Le manuscrit Delmas et ses interprètes
Les auteurs de Rennes-les-Bains (- part - II)

Part I - L'abbé Henri Boudet
Part III - Pistes et traces écrites



Ms Delmas, version des Archives Nationales (extrait)
Extrait du Ms Delmas, version conservée aux Archives Nationales

Puisqu’il est avéré qu’un grand nombre de documents relatifs à l’affaire Lobineau[1]  sont faux ou, pour ceux s’approchant plus près de la vérité, ont été maquillés, il est de bon augure de regarder d’un peu plus près le manuscrit de l'abbé Delmas, ancien curé des Bains-de-Rennes vers 1709. Parmi les auteurs et historiens de Rennes-les-Bains, il est de ceux qui ont vécu dans la connaissance de certains mystères dont il est toujours imprudent d’évoquer l’origine.

 

Du Lys ou de l’Arène Blanche

 

Cet ancien texte est mentionné à plusieurs reprises dans les documents apocryphes du Prieuré de Sion. En 1967, Philippe de Chérisey, sous le pseudonyme de Nicolas Beaucéan, le cite dans sa plaquette au Pays de la Reine Blanche tout en indiquant que le manuscrit est perdu. Le croyait-il vraiment ? Au moins dans cet opuscule, il donnait des informations utiles quant au contenu de l’œuvre de Delmas, pour le peu qu’il en savait à l’époque.

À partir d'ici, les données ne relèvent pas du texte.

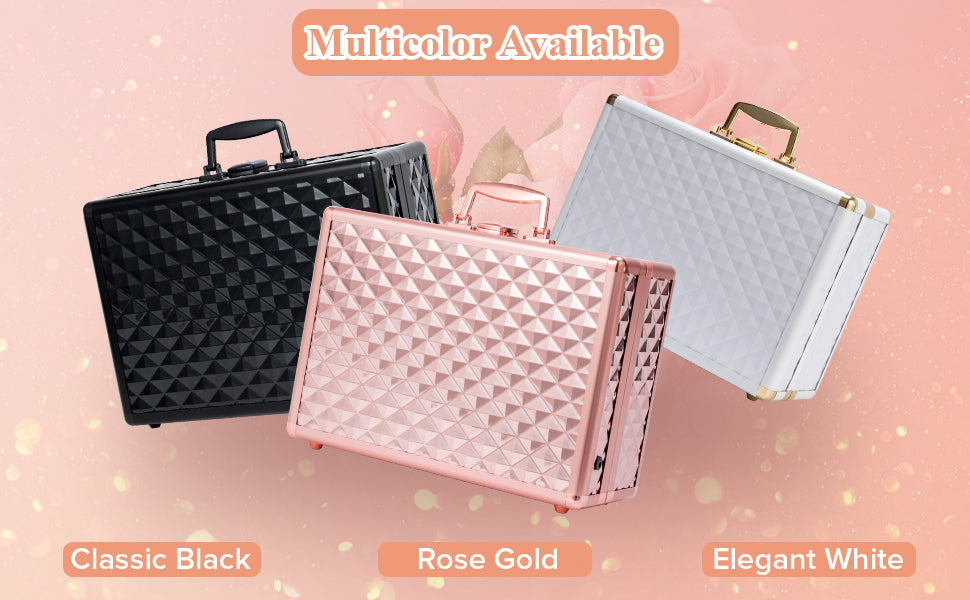 Portable Makeup Case With Led Mirror Travel Makeup Bag Cosmetic Organizer Box With Locks, Brush Holder, Dividers, Rechargeable, Rose Gold Rose Gold Aluminium Alloy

A mille années lumière de là, nous avons la brochure du Cercle d’Ulysse, toujours du même auteur, mais qui signe en 1977 cette fois sous le pseudo de Jean Delaude. La prose du sieur Delaude promettait des révélations et la véritable histoire de l’or de Rennes. C’est ici que l’on trouve les premiers délires de Ph. de Chérisey sur ses prétendues falsifications de parchemins. Des délires prouvant l’étendue du canular à tous les niveaux car le manuscrit Delmas n’échappe pas au broyage intellectuel.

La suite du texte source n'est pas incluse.